PUBLICADO EM 22/05/13 - 3h0
Não tinha me tocado disso até ouvir, da boca de uma amiga da minha irmã, que todos somos preconceituosos, em maior ou menor grau. O que faz a diferença é o exercício diário de combater todo e qualquer tipo de preconceito sobre o que quer que seja, assim que ele tenta se instalar, e jamais, em tempo algum, permitir que ele se manifeste.


Pode ser fácil, hoje em dia, para um determinado grupo de pessoas, levantar bandeira contra a opressão dos negros e não titubear um segundo sequer em exigir que sua faxineira negra suba pelo elevador social. Pode ser tranquilo para alguns fazer discursos inflamados sobre o quanto é legítimo um casal gay casar e adotar uma criança.

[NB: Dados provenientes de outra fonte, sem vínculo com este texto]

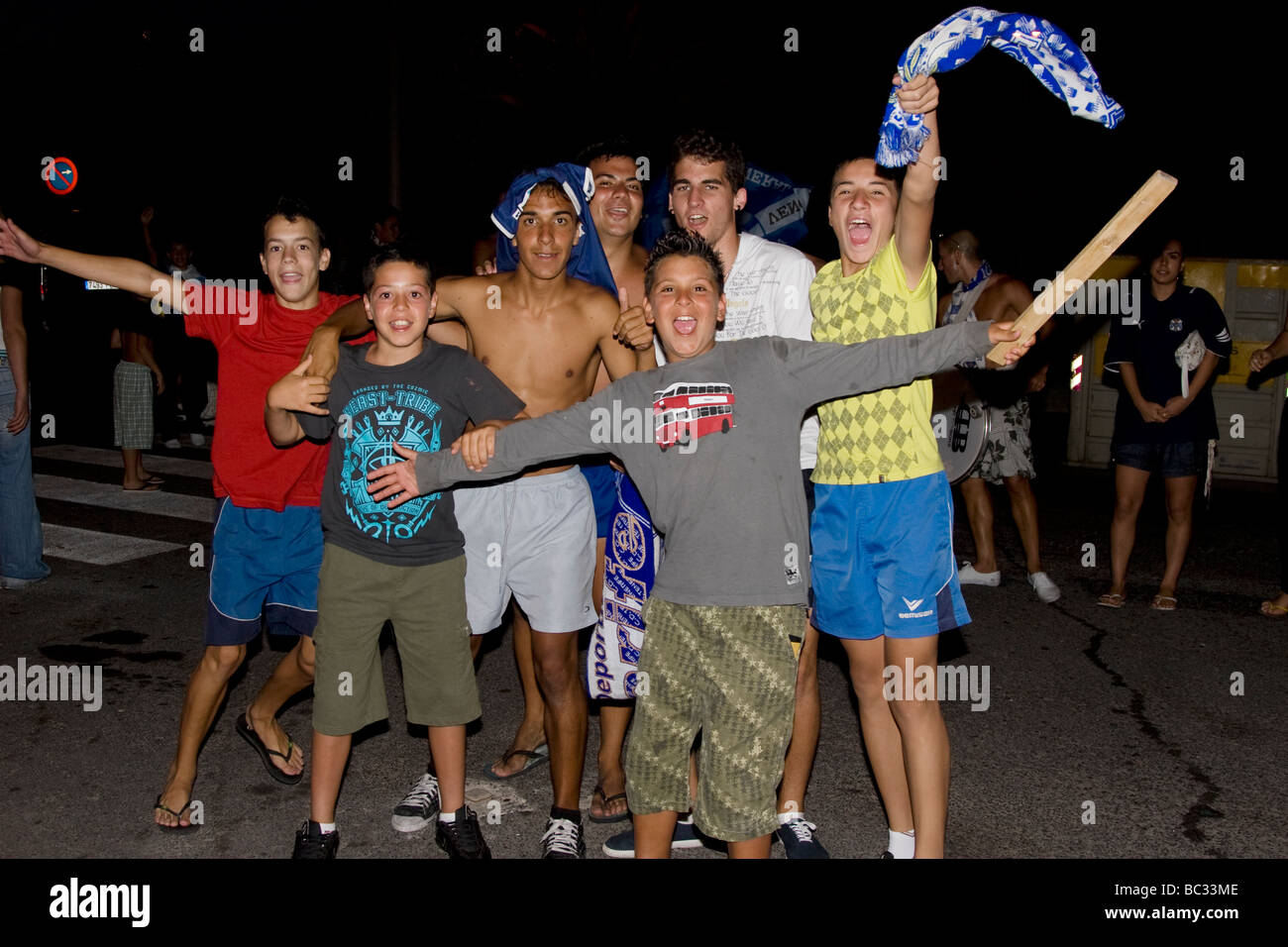 CD die Fußballfans von Teneriffa, die nach der Beförderung ihrer Teams zur La Liga vor Freude in den Straßen von Teneriffa verrückt werden. Foto von Nikki Attree Stockfoto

O difícil parece ser aceitar que o homossexual que quer os mesmos direitos dos heterossexuais seja seu filho ou mesmo que o negro se torne o seu genro.


Pode ser muito tranquilo ter amigo gay e se divertir com ele, mas espera só para ver quando a “bichinha” for promovida à vaga que você estava esperando. E o colega, “com aquele cabelo ruim que só fica mais ou menos bom alisado”, como ousam colocar num cargo de chefia?


As aspas, por incrível que pareça, caro leitor, se referem a discursos ouvidos por mim de colegas jornalistas, em situações parecidas com essas.


É preciso estar atento, alerta: o preconceito é traiçoeiro e está sempre pronto para se manifestar. Relaxa só para ver, e você já se vê falando: “Como pode alguém querer essa menina, gorda desse jeito!”; “Não acredito que aquele gatinho está namorando aquela velha”; “Só podia ser de Contagem mesmo”; “Tinha que ser mulher pra fazer uma cagada dessas”; “Feia desse jeito, coitada, nunca vai arrumar ninguém”; “Com essa minissaia, ela queria o quê?”...


Preconceitos há de todos os tipos. E fazer parte de um grupo que é discriminado não isenta ninguém de sair discriminando. Há as negras que fazem chacota de pessoas mais velhas; há as gordas que têm problemas com os homossexuais; os gays que têm ojeriza de gente pobre; judeu que não gosta de paulista. É, existe até quem odeie o outro só porque ele nasceu em determinado local. Imagina!


Nunca me esqueço de uma cena de “Promessas de um Novo Mundo”, documentário sobre crianças israelenses e palestinas. Num determinado momento, um garoto palestino, que tinha acabado de fazer um discurso inflamado contra Israel e os Estados Unidos, custa a acreditar ao descobrir que o diretor do filme, por quem já havia se afeiçoado, era norte-americano. O documentário, de B.Z. Goldberg, aliás, é uma ode ao não preconceito, primeiro, ao revelar o quanto são iguais as crianças que vivem de lados opostos na mesma Jerusalém, e, depois, ao promover um encontro entre algumas delas.


Às vezes, um filme como esse serve de arma contra essa luta diária contra nossos próprios preconceitos. Em outras, basta a entrevista de um ator negro, que relata o quanto era desagradável ouvir o som de portas de carro sendo trancadas toda vez que atravessava a rua, quando ainda era uma criança pobre e favelada. Mas, na maioria do tempo, o exercício é se colocar no lugar do outro. Funciona.